Sikat na congressman pumanaw na
Madami ang nagulat at nalungkot sa pagkamatay ng isang sikat na congressman.
John Lewis, the civil rights leader and Democratic congressman, has died. He was 80.
John Lewis obituary.
On Friday night, the House speaker, Nancy Pelosi, confirmed Lewis’s death. He had been suffering from pancreatic cancer.
Barack Obama, the first African American president, said Lewis “loved this country so much that he risked his life and his blood so that it might live up to its promise”.
Lewis campaigned for civil rights to the very end of his life. Obama said it was “fitting that the last time John and I shared a public forum was at a virtual town hall with a gathering of young activists who were helping to lead this summer’s demonstrations in the wake of George Floyd’s death”.
Born to sharecroppers in Troy, Alabama, in February 1940, Lewis became a prominent leader of the civil rights movement in the 1960s. He joined the Freedom Rides that began in 1961, traveling to the south by bus to fight segregation on interstate buses.
A founding member of the Student Nonviolent Coordinating Committee, he became its chair in 1963 and helped organise the March on Washington, when Martin Luther King Jr delivered his “I have a dream” speech.
In Selma, Alabama, in 1965, as activists tried to cross the Edmund Pettus bridge, Lewis was walking at the head of the march with his hands tucked in the pockets of his overcoat when he was knocked to the ground and beaten by police. His skull was fractured.
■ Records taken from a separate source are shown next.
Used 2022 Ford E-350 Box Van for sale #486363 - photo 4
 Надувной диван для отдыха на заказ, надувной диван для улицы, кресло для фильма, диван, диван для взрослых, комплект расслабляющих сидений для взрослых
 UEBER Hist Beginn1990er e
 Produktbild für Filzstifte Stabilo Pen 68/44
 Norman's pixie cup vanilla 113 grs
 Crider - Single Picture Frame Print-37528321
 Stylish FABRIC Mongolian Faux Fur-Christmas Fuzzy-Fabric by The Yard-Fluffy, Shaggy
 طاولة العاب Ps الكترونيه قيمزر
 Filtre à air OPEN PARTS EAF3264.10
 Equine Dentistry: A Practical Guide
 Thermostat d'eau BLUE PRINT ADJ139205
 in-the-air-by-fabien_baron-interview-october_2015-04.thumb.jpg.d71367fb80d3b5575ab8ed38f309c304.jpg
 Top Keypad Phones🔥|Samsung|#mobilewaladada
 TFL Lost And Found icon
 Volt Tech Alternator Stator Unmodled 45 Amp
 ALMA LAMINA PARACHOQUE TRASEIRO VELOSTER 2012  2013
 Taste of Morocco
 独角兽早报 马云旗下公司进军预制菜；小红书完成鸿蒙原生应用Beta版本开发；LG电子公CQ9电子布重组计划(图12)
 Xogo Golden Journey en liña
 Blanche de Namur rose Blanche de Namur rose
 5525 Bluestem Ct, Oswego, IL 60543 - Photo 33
Nationally televised images of the brutality forced attention on racial oppression in the south. That incident, along with other beatings during peaceful protests, left Lewis with scars for the rest of his life.
Within days, King led more marches in Alabama. President Lyndon B Johnson soon was pressing Congress to pass the Voting Rights Act, which became law later that year.
Lewis was elected in Georgia’s fifth district in 1987 and held the office until his death. He announced his stage four pancreatic cancer in December last year.
“I have been in some kind of fight – for freedom, equality, basic human rights – for nearly my entire life,” he said. “I have never faced a fight quite like the one I have now.”
The youngest and last survivor of the “Big Six” civil rights activists, a group led by King, when Lewis attended Obama’s inauguration in January 2009 he was the last surviving speaker from the March on Washington. Obama presented him with a commemorative photograph signed, “Because of you, John. Barack Obama.” In 2011 he awarded Lewis the presidential medal of freedom.